**Required work:**
Repeat exactly the lines from the start of the records below through the line that contains "Mejillones y sus patatas fritas", including both.

Items from a data source:
=== Section Start ===
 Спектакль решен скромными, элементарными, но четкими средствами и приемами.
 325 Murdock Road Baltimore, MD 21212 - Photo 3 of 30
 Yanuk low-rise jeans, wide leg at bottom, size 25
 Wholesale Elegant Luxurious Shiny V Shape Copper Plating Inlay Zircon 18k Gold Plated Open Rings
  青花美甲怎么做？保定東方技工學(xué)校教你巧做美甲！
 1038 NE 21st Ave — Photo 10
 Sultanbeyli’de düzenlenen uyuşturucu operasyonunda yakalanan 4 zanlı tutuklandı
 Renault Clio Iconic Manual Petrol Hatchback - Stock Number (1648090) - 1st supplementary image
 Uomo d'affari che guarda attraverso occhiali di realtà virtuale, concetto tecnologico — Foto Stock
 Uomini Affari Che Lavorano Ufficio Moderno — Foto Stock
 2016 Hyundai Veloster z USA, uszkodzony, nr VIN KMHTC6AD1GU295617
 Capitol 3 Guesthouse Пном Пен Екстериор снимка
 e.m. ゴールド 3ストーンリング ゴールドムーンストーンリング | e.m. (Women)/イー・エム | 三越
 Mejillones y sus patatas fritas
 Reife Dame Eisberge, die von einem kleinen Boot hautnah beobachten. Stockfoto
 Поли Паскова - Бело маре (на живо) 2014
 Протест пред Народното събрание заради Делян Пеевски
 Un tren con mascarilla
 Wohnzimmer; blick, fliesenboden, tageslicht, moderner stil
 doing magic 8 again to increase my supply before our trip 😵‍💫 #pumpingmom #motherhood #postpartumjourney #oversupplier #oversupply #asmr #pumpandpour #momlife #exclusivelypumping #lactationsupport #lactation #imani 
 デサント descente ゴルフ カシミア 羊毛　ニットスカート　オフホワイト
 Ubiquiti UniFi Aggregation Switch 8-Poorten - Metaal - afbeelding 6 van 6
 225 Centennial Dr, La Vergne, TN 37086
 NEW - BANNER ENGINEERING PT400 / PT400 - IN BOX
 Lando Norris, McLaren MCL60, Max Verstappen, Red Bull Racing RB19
=== Section End ===
**Answer to this exercise:**
 Спектакль решен скромными, элементарными, но четкими средствами и приемами.
 325 Murdock Road Baltimore, MD 21212 - Photo 3 of 30
 Yanuk low-rise jeans, wide leg at bottom, size 25
 Wholesale Elegant Luxurious Shiny V Shape Copper Plating Inlay Zircon 18k Gold Plated Open Rings
  青花美甲怎么做？保定東方技工學(xué)校教你巧做美甲！
 1038 NE 21st Ave — Photo 10
 Sultanbeyli’de düzenlenen uyuşturucu operasyonunda yakalanan 4 zanlı tutuklandı
 Renault Clio Iconic Manual Petrol Hatchback - Stock Number (1648090) - 1st supplementary image
 Uomo d'affari che guarda attraverso occhiali di realtà virtuale, concetto tecnologico — Foto Stock
 Uomini Affari Che Lavorano Ufficio Moderno — Foto Stock
 2016 Hyundai Veloster z USA, uszkodzony, nr VIN KMHTC6AD1GU295617
 Capitol 3 Guesthouse Пном Пен Екстериор снимка
 e.m. ゴールド 3ストーンリング ゴールドムーンストーンリング | e.m. (Women)/イー・エム | 三越
 Mejillones y sus patatas fritas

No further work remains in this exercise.